------ PROVIDED RECORDS ------
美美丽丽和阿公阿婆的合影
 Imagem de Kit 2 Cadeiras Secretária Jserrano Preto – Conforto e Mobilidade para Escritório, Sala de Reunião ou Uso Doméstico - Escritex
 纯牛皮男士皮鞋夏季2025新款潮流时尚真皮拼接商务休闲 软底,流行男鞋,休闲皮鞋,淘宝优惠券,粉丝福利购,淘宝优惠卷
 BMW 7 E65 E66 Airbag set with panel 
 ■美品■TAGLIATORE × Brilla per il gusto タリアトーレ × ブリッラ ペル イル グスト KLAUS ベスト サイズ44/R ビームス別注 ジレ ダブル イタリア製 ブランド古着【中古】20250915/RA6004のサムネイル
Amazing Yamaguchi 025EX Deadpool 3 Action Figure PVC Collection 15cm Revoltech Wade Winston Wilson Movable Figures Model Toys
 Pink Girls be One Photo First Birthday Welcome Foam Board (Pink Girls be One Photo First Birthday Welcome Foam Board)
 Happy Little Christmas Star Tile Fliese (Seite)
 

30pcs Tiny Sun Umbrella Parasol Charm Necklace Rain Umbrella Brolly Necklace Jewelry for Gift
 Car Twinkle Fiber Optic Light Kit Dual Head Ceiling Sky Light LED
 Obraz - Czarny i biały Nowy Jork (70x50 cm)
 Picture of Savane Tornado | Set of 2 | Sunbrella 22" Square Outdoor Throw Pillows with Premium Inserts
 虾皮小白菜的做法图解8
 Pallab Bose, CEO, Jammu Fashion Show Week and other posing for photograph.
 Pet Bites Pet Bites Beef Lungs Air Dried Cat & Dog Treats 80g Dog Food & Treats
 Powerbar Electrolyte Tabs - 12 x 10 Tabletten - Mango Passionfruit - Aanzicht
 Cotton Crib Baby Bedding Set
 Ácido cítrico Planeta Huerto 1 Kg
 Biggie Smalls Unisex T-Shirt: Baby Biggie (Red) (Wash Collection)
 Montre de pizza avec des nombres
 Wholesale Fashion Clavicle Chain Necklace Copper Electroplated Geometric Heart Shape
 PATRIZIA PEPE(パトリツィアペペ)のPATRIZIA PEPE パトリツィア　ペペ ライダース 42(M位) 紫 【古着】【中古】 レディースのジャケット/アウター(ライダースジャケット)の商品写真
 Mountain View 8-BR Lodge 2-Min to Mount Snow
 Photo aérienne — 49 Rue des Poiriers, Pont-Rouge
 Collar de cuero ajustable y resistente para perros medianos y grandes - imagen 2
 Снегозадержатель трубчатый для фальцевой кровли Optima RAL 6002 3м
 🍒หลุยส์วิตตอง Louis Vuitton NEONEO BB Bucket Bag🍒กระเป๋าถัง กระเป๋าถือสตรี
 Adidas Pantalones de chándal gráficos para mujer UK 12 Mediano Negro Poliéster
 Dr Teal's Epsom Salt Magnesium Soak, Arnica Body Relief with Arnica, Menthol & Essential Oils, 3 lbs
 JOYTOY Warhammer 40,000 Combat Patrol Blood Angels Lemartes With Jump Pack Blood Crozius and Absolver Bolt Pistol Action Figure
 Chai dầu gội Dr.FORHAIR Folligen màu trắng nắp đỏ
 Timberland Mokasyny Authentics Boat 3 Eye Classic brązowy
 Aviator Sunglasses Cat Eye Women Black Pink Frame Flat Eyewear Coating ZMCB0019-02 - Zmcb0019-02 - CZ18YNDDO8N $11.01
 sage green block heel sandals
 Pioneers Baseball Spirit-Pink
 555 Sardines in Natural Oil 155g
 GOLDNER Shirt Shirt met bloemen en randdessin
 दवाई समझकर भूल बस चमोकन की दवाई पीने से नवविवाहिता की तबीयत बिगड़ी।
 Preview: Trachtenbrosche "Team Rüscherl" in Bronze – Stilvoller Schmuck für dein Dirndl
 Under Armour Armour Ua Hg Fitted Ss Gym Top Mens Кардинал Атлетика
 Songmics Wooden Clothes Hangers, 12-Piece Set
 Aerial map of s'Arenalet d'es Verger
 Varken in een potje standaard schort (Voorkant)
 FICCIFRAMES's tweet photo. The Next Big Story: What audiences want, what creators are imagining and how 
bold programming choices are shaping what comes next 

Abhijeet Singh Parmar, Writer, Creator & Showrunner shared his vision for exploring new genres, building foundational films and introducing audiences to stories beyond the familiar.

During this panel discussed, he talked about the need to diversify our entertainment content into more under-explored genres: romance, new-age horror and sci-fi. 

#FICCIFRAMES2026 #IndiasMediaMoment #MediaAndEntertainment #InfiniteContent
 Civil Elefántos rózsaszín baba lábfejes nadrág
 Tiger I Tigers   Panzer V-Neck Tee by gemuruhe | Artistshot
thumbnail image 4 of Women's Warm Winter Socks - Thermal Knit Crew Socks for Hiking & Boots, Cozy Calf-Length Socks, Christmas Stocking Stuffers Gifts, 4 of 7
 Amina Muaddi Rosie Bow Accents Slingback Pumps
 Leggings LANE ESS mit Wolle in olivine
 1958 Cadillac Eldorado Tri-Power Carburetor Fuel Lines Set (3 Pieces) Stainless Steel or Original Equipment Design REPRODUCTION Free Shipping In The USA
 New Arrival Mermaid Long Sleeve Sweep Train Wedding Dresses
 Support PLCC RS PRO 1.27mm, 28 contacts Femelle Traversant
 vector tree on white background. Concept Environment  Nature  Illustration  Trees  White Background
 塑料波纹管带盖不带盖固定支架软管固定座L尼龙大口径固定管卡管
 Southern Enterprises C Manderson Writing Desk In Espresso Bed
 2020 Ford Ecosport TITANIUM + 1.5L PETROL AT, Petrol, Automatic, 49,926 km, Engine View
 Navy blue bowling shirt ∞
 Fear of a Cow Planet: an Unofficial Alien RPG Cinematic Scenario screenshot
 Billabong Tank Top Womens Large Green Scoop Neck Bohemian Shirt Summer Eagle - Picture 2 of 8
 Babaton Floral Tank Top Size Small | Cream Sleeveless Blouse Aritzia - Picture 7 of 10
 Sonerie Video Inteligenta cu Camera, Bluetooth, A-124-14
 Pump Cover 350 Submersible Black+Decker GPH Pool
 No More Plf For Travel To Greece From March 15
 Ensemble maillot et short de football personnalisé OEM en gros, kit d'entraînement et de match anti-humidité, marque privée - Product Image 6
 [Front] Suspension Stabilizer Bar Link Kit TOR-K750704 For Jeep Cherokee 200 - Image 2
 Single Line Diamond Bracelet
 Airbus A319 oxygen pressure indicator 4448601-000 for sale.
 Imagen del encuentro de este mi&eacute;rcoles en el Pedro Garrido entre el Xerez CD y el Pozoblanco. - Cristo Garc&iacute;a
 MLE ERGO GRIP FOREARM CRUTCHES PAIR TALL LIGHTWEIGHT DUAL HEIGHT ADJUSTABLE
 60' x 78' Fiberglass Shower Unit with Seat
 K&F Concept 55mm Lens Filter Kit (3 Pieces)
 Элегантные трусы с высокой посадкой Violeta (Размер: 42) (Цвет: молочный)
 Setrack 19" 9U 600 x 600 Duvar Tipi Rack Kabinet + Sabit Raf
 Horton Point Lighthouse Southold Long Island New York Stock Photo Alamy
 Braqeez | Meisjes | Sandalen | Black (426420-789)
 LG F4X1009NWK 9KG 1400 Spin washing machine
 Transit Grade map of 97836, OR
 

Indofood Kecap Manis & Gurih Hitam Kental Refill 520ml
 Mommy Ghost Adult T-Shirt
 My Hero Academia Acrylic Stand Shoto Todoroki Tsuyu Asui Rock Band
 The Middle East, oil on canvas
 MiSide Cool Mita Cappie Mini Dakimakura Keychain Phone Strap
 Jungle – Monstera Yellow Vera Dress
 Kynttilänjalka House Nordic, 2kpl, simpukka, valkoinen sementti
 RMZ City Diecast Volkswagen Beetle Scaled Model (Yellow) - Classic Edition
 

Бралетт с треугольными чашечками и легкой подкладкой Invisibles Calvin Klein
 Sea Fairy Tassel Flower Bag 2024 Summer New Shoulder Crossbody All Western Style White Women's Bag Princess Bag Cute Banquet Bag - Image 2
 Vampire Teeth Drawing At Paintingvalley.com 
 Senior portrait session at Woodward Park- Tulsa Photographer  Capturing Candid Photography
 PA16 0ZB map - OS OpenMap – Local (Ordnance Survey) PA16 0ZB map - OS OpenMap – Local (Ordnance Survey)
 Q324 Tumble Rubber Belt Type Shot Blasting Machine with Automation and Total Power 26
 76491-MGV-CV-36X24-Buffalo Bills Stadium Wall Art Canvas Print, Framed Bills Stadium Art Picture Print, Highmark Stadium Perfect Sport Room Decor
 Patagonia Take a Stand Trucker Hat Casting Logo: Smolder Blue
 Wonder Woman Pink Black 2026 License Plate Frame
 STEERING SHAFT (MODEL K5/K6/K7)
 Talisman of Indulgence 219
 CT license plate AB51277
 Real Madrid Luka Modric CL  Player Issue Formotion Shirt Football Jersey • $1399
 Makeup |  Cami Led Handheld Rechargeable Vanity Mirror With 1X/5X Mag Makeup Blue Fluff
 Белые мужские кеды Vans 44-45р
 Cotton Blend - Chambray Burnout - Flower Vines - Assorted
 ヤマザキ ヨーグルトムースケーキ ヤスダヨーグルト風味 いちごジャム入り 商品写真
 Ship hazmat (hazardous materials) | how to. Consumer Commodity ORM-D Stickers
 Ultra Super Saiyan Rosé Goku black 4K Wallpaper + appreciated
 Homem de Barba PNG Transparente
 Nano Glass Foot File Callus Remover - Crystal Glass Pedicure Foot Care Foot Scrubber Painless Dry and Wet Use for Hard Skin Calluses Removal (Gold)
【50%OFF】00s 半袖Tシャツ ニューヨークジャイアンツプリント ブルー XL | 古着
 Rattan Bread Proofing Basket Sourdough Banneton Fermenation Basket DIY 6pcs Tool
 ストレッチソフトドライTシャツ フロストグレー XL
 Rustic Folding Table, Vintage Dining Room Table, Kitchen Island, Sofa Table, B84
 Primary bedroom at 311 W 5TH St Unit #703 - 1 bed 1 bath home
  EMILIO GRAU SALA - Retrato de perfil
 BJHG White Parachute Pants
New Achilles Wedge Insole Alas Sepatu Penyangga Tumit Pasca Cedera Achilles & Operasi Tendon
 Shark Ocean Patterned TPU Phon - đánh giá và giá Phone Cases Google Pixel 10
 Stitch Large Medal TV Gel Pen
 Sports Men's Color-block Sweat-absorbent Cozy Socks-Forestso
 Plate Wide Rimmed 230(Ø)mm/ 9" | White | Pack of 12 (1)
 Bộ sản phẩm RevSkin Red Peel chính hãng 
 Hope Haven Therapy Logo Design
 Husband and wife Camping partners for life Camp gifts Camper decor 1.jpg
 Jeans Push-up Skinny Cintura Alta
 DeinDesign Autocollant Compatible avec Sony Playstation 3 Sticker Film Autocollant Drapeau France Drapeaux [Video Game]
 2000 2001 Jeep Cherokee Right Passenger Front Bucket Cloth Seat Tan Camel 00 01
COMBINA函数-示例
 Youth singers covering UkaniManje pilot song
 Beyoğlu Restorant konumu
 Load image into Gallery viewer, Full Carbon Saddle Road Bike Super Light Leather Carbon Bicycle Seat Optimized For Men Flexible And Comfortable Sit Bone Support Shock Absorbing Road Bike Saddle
------
▸ **WORK ORDER**: From the records above, repeat exactly the lines from the one with "During this panel" through the one with "#FICCIFRAMES2026 #IndiasMediaMoment #MediaAndEntertainment", both included.

▸ **ANSWER BOX**:
During this panel discussed, he talked about the need to diversify our entertainment content into more under-explored genres: romance, new-age horror and sci-fi. 

#FICCIFRAMES2026 #IndiasMediaMoment #MediaAndEntertainment #InfiniteContent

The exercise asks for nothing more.